Tirai-tirai berkibar pelan. Langit pagi masih abu-abu. Aku mendengar kokok
melengking dari ayam jantan.

Mimpi. Semua itu mimpi buruk yang menakutkan.

Mengambil napas dalam-dalam dan membiarkannya keluar perlahan-lahan,


aku menurunkan kakiku ke lantai.

Aku menatap cahaya pagi abu-abu melalui jendela. Hanya mimpi, aku meyakinkan
diriku sendiri. Tenang, Jodie. Itu hanya mimpi.

Aku bisa mendengar seseorang bergerak di sekitar lantai bawah. Dengan berjalan
sempoyongan ke meja rias, aku mengeluarkan beberapa pakaian bersih -
sepasang celana denim pudar, kaos biru tanpa lengan.

Mataku berair. Semuanya kabur. Alergiku benar-benar buruk pagi ini.


Menggosok-gosok mataku, aku berjalan ke jendela dan mengintip keluar. Bola
merah matahari baru saja mengintip di atas pohon apel yang besar. Embun
pagi yang tebal membuat rumput di halaman belakang berkilauan seperti
zamrud.

Lautan batang-batang jagung gelap berdiri di balik rumput. Orang-orangan


sawah berdiri kaku di atasnya, tangan yang terbuka menyambut pagi.

Ayam jantan berkokok lagi.

Mimpi buruk yang bodoh sekali, pikirku. Aku mengguncangngkan diriku seolah
berusaha menghilangkannya dari ingatanku. Lalu aku menyisir rambutku dan
bergegas turun untuk sarapan.

Mark baru saja memasuki dapur saat aku masuk. Kami menemukan Nenek
Miriam sendirian di meja. Sebuah cangkir teh panas di depannya saat ia menatap
ke luar jendela di sinar matahari pagi.

Dia berbalik dan tersenyum pada kami saat kami masuk.

"Selamat pagi. Tidur nyenyak?"

Aku tergoda untuk menceritakan mimpi burukku yang menakutkan. Tapi,


sebaliknya, aku bertanya, "Di mana Kakek Kurt?"

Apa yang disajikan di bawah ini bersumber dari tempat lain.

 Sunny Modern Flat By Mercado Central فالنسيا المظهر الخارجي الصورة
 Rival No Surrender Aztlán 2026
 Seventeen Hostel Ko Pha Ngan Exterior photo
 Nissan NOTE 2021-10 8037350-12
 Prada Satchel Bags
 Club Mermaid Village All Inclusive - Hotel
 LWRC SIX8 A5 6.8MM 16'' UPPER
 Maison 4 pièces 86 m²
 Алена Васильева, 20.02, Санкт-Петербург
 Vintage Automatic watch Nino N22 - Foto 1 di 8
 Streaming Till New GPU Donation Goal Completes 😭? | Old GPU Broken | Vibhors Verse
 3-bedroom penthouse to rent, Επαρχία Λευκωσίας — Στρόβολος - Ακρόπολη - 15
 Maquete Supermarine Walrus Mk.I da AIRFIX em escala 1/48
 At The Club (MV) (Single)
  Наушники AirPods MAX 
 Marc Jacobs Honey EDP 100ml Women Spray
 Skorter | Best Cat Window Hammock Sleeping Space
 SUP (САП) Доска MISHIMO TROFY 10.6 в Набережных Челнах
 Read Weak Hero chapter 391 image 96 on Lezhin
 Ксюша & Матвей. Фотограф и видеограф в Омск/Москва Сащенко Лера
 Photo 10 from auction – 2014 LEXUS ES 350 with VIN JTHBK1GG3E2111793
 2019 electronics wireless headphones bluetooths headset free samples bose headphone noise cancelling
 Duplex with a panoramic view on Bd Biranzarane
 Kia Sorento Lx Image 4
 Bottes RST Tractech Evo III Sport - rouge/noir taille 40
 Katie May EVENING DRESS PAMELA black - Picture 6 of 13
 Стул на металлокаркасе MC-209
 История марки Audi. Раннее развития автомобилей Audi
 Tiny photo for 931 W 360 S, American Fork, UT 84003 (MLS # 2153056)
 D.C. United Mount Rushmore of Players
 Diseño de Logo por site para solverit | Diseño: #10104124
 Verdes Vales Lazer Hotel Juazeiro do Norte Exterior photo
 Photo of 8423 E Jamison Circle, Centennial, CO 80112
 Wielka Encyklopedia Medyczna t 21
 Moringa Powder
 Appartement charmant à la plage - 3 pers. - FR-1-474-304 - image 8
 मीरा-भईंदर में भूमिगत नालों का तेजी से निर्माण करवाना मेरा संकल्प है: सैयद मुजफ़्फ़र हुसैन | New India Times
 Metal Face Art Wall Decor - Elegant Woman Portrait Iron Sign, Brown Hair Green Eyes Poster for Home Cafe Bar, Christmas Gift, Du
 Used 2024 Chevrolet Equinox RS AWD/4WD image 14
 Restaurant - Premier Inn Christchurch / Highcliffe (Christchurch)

Aku menatap kursi kosong itu. Surat kabar itu tergeletak di atas meja
belum dibuka.

"Mereka semua pergi pagi-pagi," jawab Nenek Miriam.

Dia berdiri, berjalan ke lemari, dan membawa sebuah kotak besar jonjot jagung
ke meja. Dia memberi isyarat pada kami untuk duduk di tempat kami.

"Hari yang indah," katanya riang.

"Tak ada kue serabi?" sembur Mark.

Nenek Miriam berhenti separuh jalan di seberang ruangan.

"Aku benar-benar lupa bagaimana untuk membuatnya," katanya tanpa berbalik.

Dia mengatur dua mangkuk bawah dan berjalan ke lemari es untuk


mendapatkan susu. "Anak-anak, kalian mau jus jeruk pagi ini? Ini baru diperas."
Nenek Miriam mengatur kotak susu di samping mangkukku. Dia tersenyum
padaku. Matanya tetap kusam belakang kacamata berbingkai perseginya.

"Kuharap kalian berdua menikmati kunjungan kalian," katanya pelan.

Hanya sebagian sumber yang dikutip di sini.